‘You didn’t manage it with me.’
‘I didn’t, no.’ Liz looks immeasurably sad. ‘My job was to look after Betsey, and we’re always conscious that children can be harmed. But I should have realised what was going on. I didn’t marry my knowledge of you with what I was being presented with. I should have realised you might be unwell . . .’
‘You were my friend and you failed to help me.’ Her voice is balled up tight. ‘You thought the very worst of me: that I would batter my baby.’ Anger spreads up her throat and through her head and she fears she will explode.
Liz shrugs, and it’s as if there is an immense burden on her shoulders she cannot lift. ‘I don’t know what more I can say. I should have understood more quickly; should have thought beyond the obvious.’ She pauses. ‘I’m so sorry, too, for being so absent after Betsey was born.

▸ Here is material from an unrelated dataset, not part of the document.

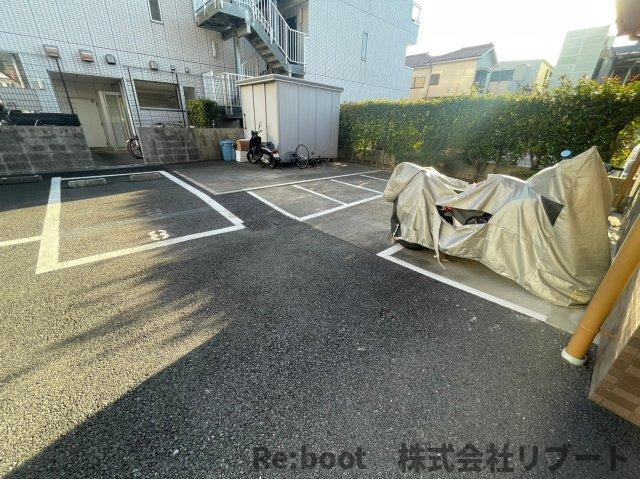 ガディス・パーク行徳壱番館の駐車場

I keep thinking that if I’d made more of an effort I’d have seen you were finding it so difficult this time round . . . But you didn’t help by not being honest about what happened when you came in.’
‘I couldn’t betray Frankie; and I couldn’t risk losing them by telling you I’d left them. I didn’t know you’d call social services, anyway.’
Liz is tender. ‘I imagine it felt impossible to admit how you were feeling, as well.’
Her kindness threatens to undo Jess. She swallows the pebble in her throat; only manages a curt nod.
They sit in silence for a while, Jess’s antipathy still simmering beneath the surface but complicated by a desire to rekindle their former closeness. She has missed Liz, despite her self-justification and earnestness, her tendency to sound a little pompous. She has missed her warmth and her desire to do the right thing.
She admires her conscientiousness, too. It’s nearly 9 p.m. ‘Why are you here this late, anyway? You didn’t come to find me?’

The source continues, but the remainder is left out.